Exercise brief:
Exact reproduction of every record is required, and pictures are to be excluded.

[Caption-style text data]
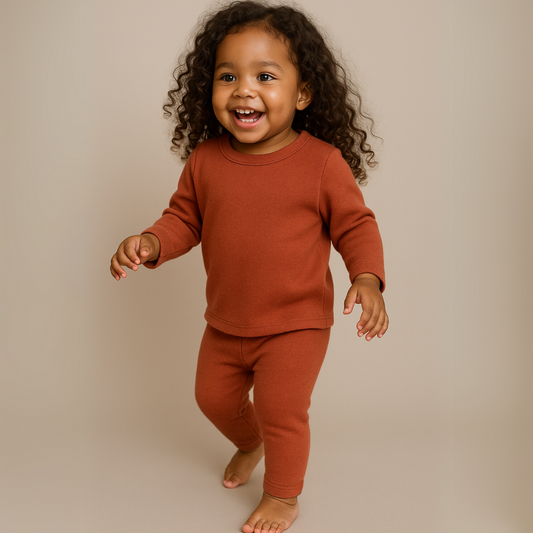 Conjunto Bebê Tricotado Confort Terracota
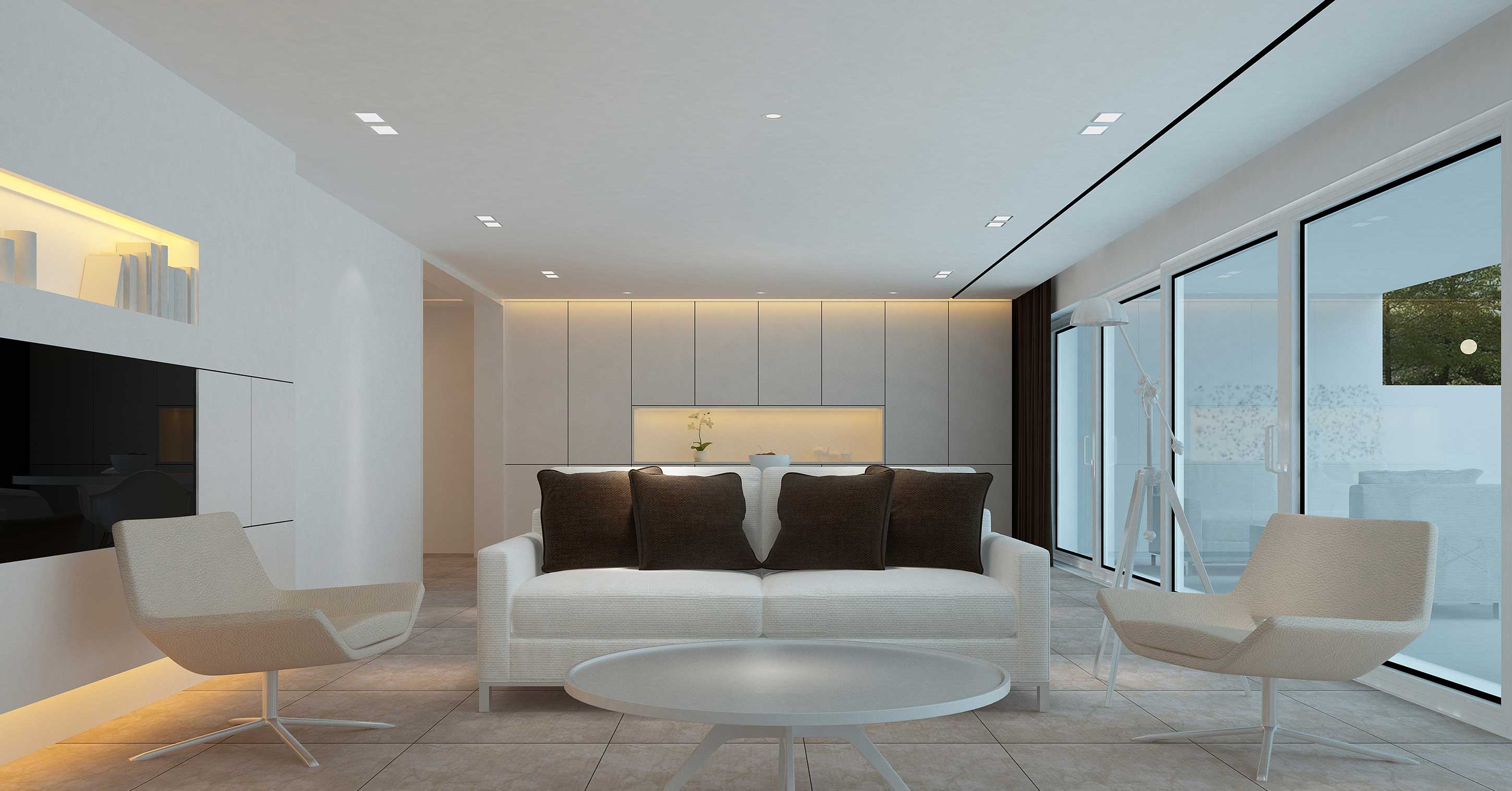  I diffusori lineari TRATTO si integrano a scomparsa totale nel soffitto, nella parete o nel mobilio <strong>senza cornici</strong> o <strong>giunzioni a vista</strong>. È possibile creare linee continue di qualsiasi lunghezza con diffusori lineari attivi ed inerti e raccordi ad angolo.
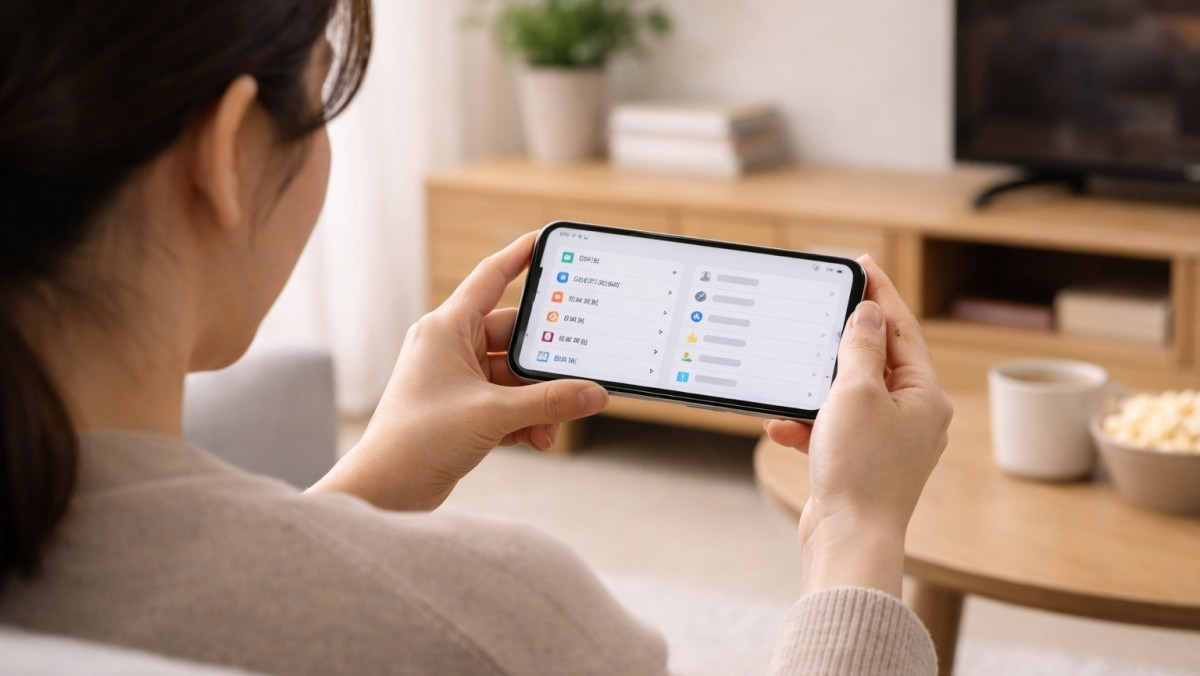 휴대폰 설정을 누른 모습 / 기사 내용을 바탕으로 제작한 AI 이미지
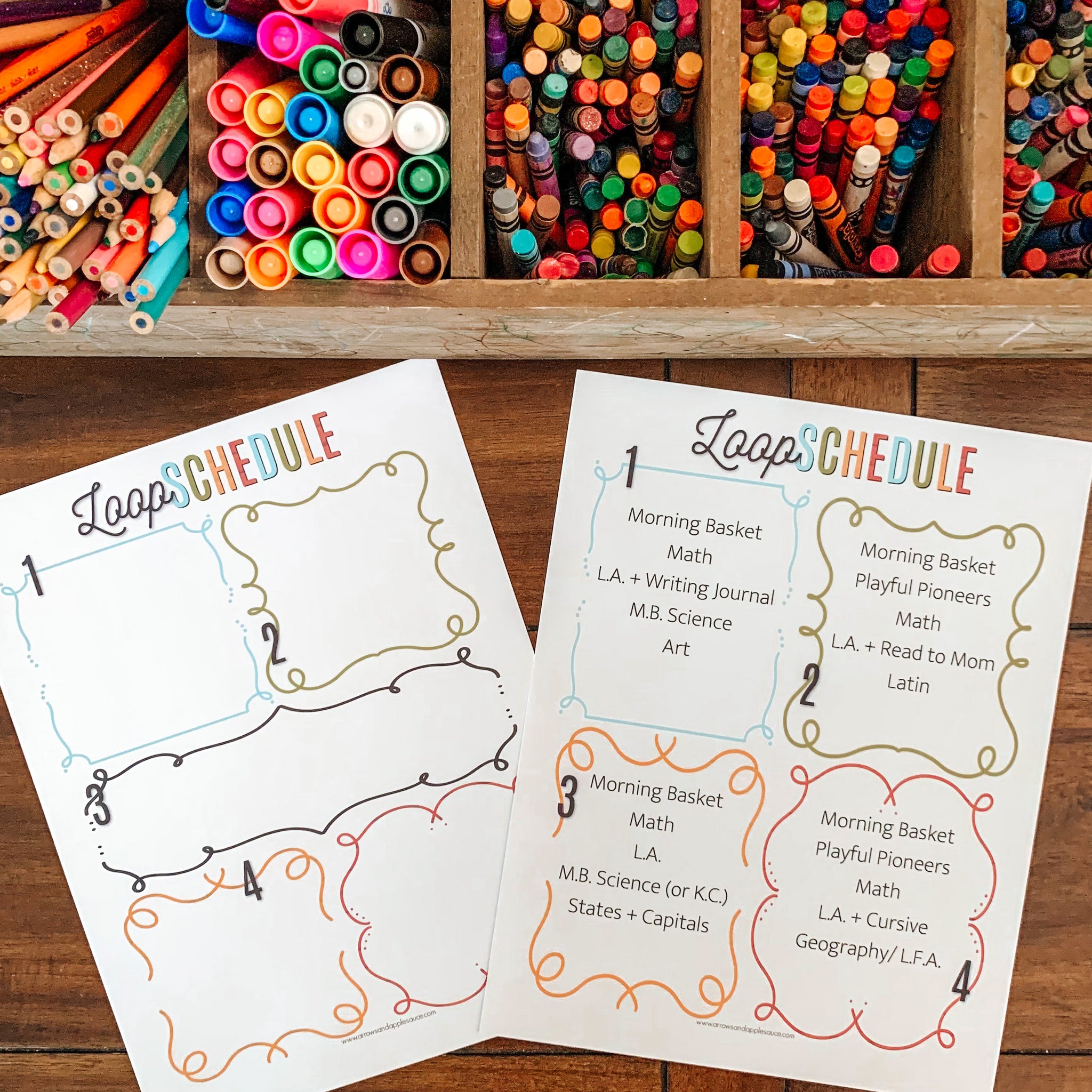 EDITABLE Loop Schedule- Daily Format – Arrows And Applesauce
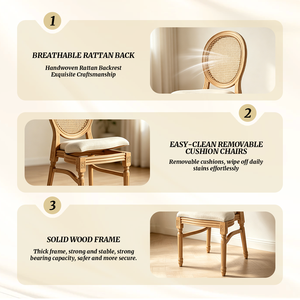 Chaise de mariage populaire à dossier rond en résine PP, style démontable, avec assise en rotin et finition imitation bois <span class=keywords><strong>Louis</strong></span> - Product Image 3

Answer section:
 Conjunto Bebê Tricotado Confort Terracota
  I diffusori lineari TRATTO si integrano a scomparsa totale nel soffitto, nella parete o nel mobilio <strong>senza cornici</strong> o <strong>giunzioni a vista</strong>. È possibile creare linee continue di qualsiasi lunghezza con diffusori lineari attivi ed inerti e raccordi ad angolo.
 휴대폰 설정을 누른 모습 / 기사 내용을 바탕으로 제작한 AI 이미지
 EDITABLE Loop Schedule- Daily Format – Arrows And Applesauce
 Chaise de mariage populaire à dossier rond en résine PP, style démontable, avec assise en rotin et finition imitation bois <span class=keywords><strong>Louis</strong></span> - Product Image 3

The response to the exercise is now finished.